▸ Assigned task: From the data below, return only the lines from the one with "No Brand Royal" through the one with "a beautiful woman", exact and inclusive, with pictures left out.

▸ Excerpted data:
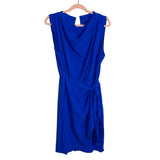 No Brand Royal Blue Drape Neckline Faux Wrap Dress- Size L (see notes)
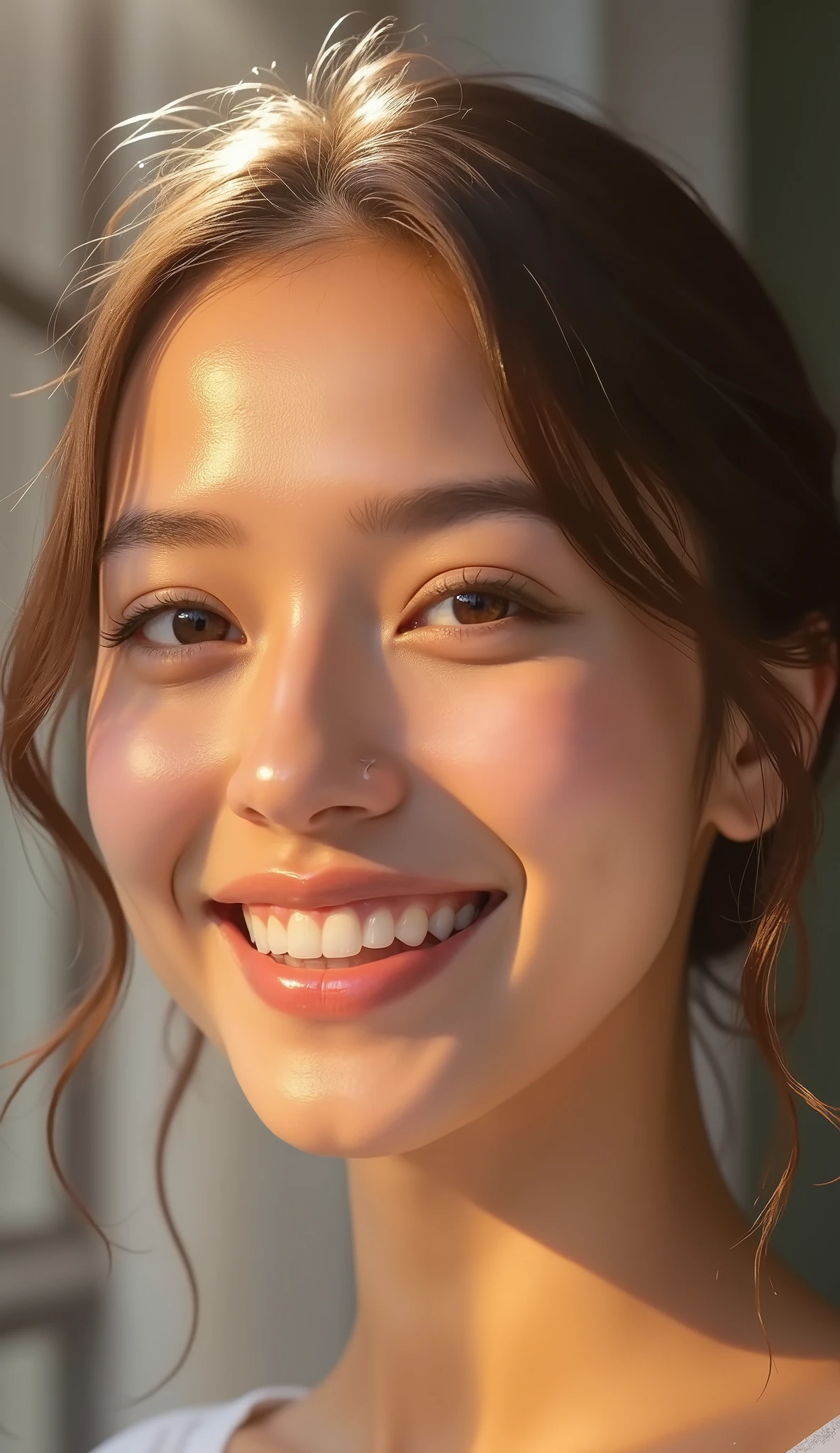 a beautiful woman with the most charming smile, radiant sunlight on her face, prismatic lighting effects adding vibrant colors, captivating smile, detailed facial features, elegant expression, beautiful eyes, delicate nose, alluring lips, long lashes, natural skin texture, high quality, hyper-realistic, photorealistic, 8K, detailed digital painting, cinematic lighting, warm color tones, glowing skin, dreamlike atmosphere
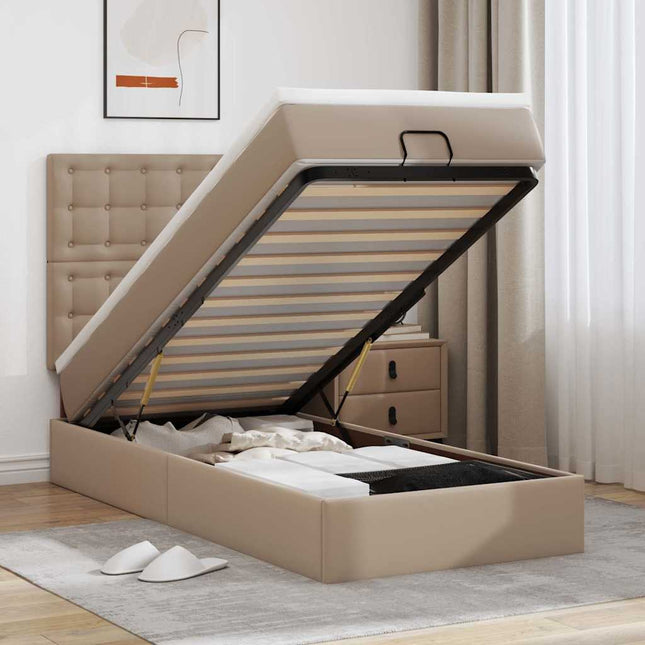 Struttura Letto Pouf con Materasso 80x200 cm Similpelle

==

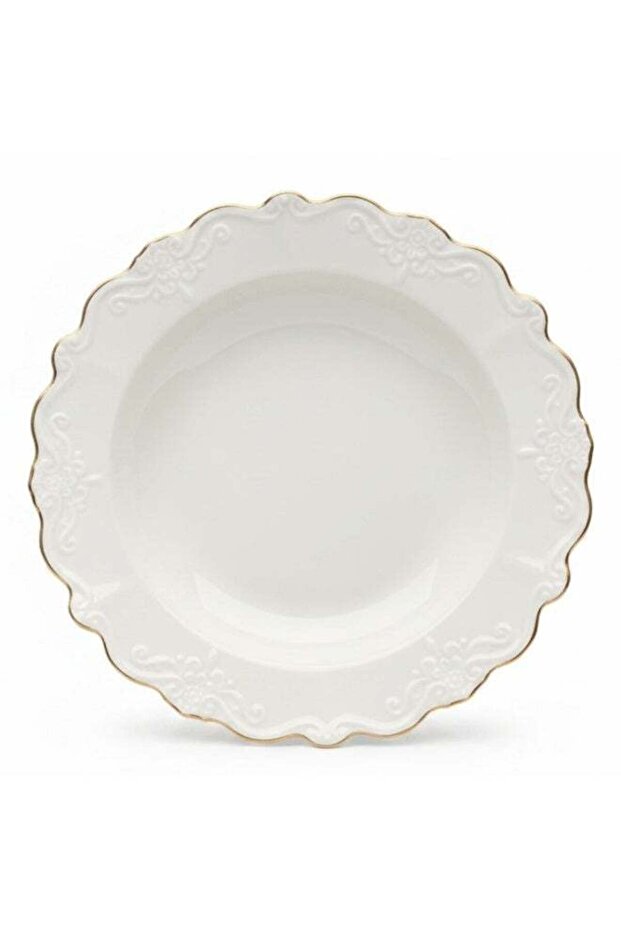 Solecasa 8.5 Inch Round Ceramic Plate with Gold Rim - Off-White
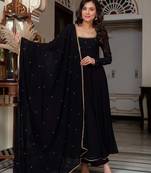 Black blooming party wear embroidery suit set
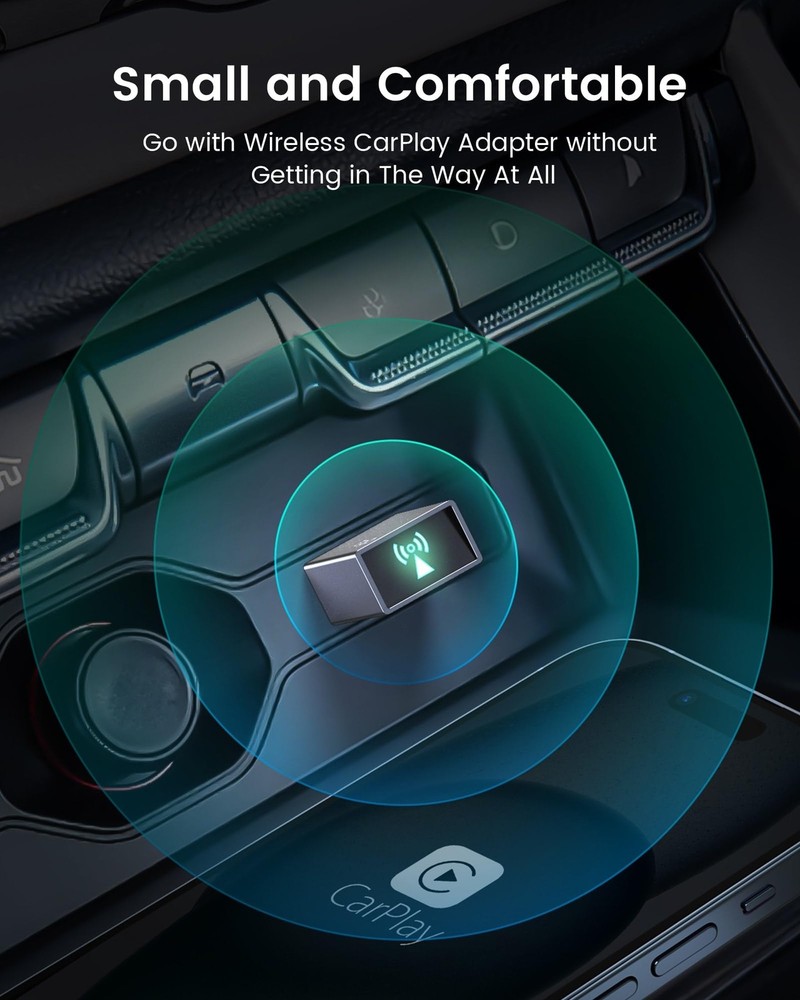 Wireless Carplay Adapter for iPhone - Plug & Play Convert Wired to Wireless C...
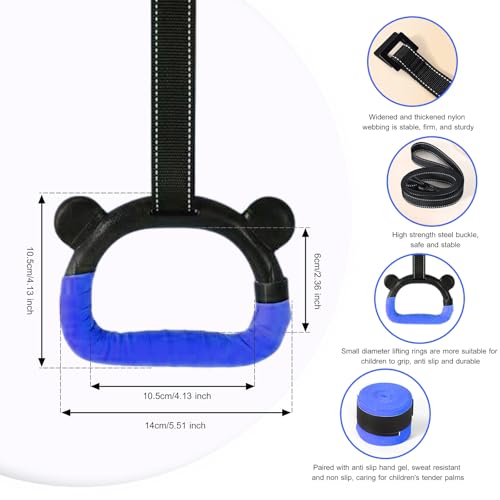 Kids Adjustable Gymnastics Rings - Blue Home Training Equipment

--

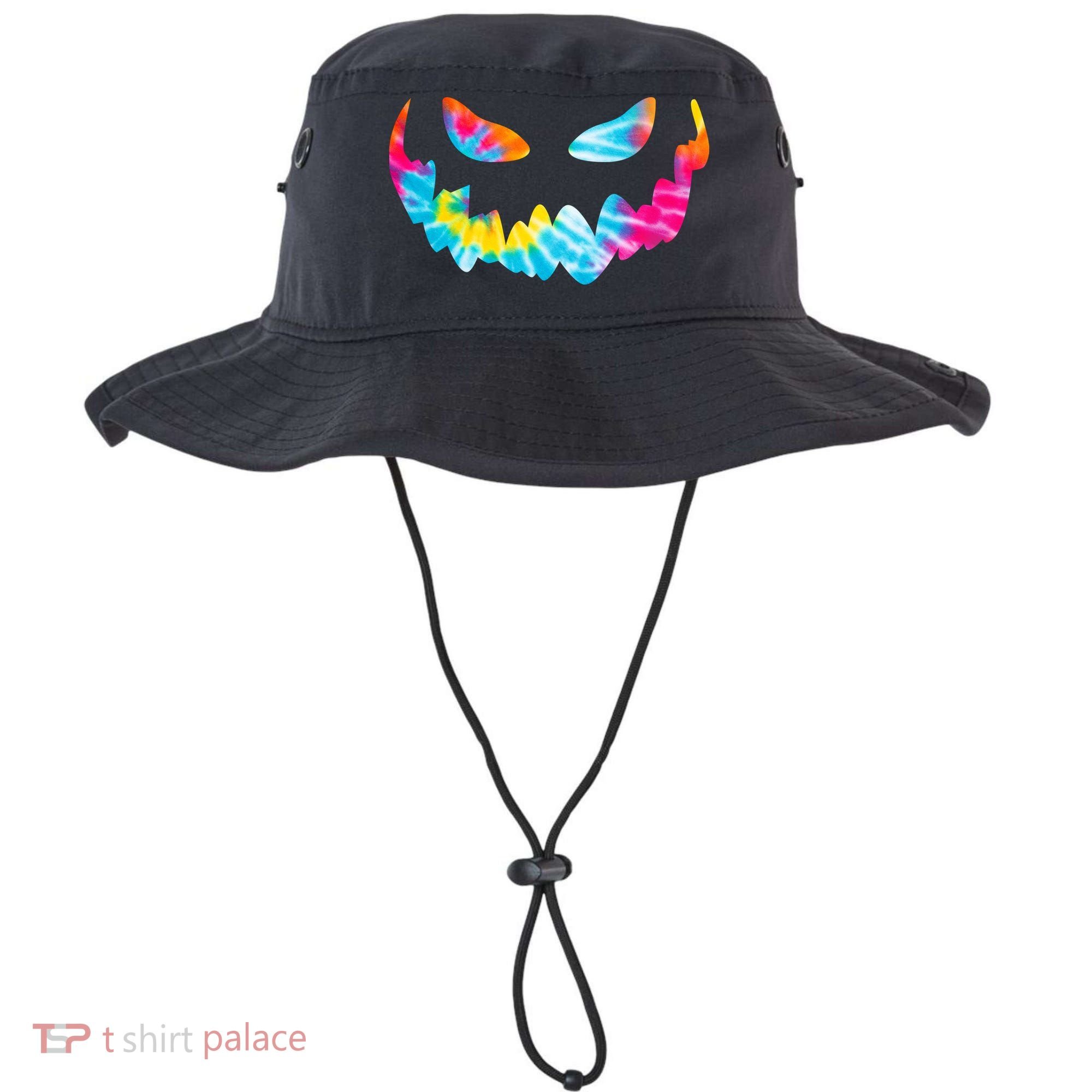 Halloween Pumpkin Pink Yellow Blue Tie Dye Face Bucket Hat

▸ Solution to the exercise:
 No Brand Royal Blue Drape Neckline Faux Wrap Dress- Size L (see notes)
 a beautiful woman with the most charming smile, radiant sunlight on her face, prismatic lighting effects adding vibrant colors, captivating smile, detailed facial features, elegant expression, beautiful eyes, delicate nose, alluring lips, long lashes, natural skin texture, high quality, hyper-realistic, photorealistic, 8K, detailed digital painting, cinematic lighting, warm color tones, glowing skin, dreamlike atmosphere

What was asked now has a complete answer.